The Lincoln Highway wasn’t some graceful ribbon of progress floating across Iowa. It was a fight. Towns clawed at each other to get on the route, knowing that a line on a map could mean survival—or a long slide into irrelevance. Meetings were held. Deals were cut. Routes shifted. Winners celebrated. Losers stewed.
Maulsby
is especially good at showing how rough the early days really were. Before
smooth concrete and reliable maps, Iowa roads were muddy traps waiting to
swallow cars whole. Early motorists were gamblers. You might make it to the
next town. You might not. That sense of risk hums quietly beneath the book.
The
book really comes alive along the roadside. Gas stations, cafes, tourist
cabins, motor courts—each one a small act of faith. People built their
livelihoods on the hope that cars would keep coming. Some struck gold. Others
watched traffic dry up when the route shifted a few miles south or a bypass cut
them out entirely. Maulsby has a sharp eye for these human stories, and lets
them unfold without sentimentality.
The writing is clean, confident, and refreshingly free of academic throat-clearing.
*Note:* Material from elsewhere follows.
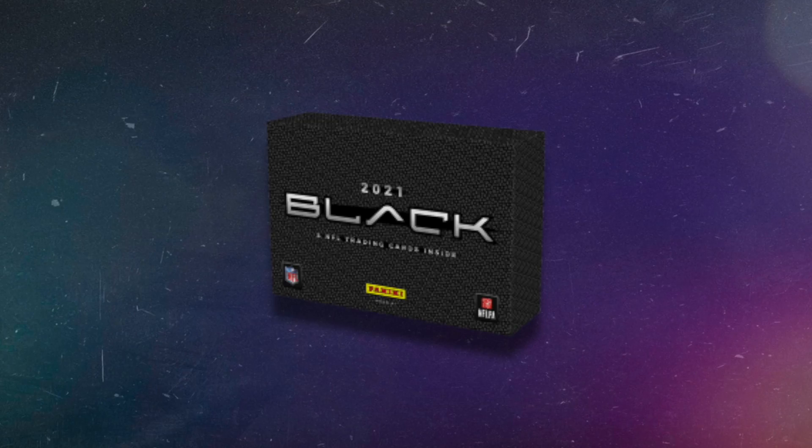Again, you get five cards total per box. There's always a lot of releases like this, but it's one of those expensive, risky hobby boxes with very few cards.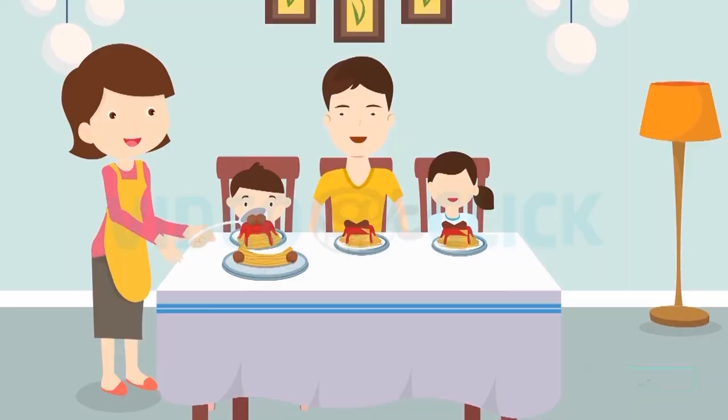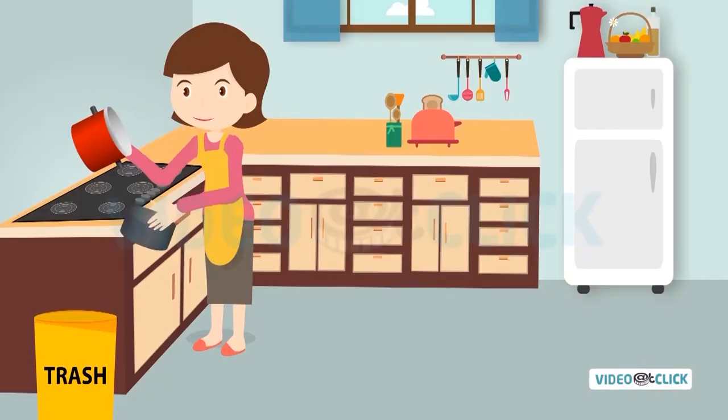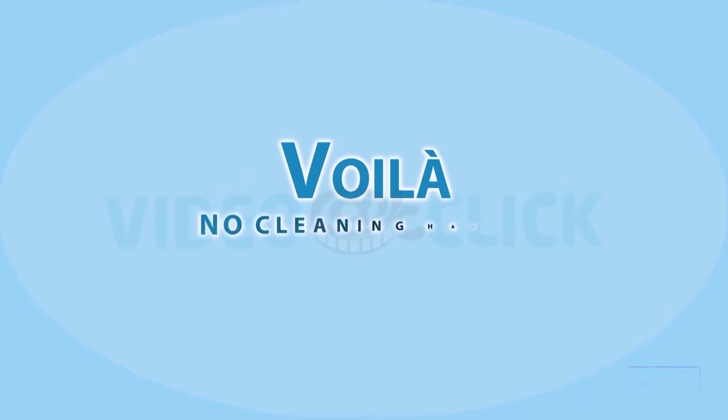When the family and kids are done eating, all she has to do is simply remove the liner and toss it in the trash. And, voila! No cleaning hassle.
It gives just enough detail to understand why the road mattered—and why it kept changing its mind about where it wanted to go.
The
photographs, maps, and old advertisements show the Lincoln Highway as it really
was: painted on barns, hyped in newspapers, and sold as a promise.
Maulsby
doesn’t romanticize the ending. Some towns adapted. Others faded. The book
treats those losses honestly, which somehow makes them hit harder.
The
Lincoln Highway in Iowa: A History isn’t a cozy nostalgia trip. It’s a reminder that roads
change lives, usually unevenly, and rarely politely. After reading it, you
won’t drive Iowa highways the same way again. You’ll start wondering who got
rich, who got skipped, and what used to stand where the corn is growing.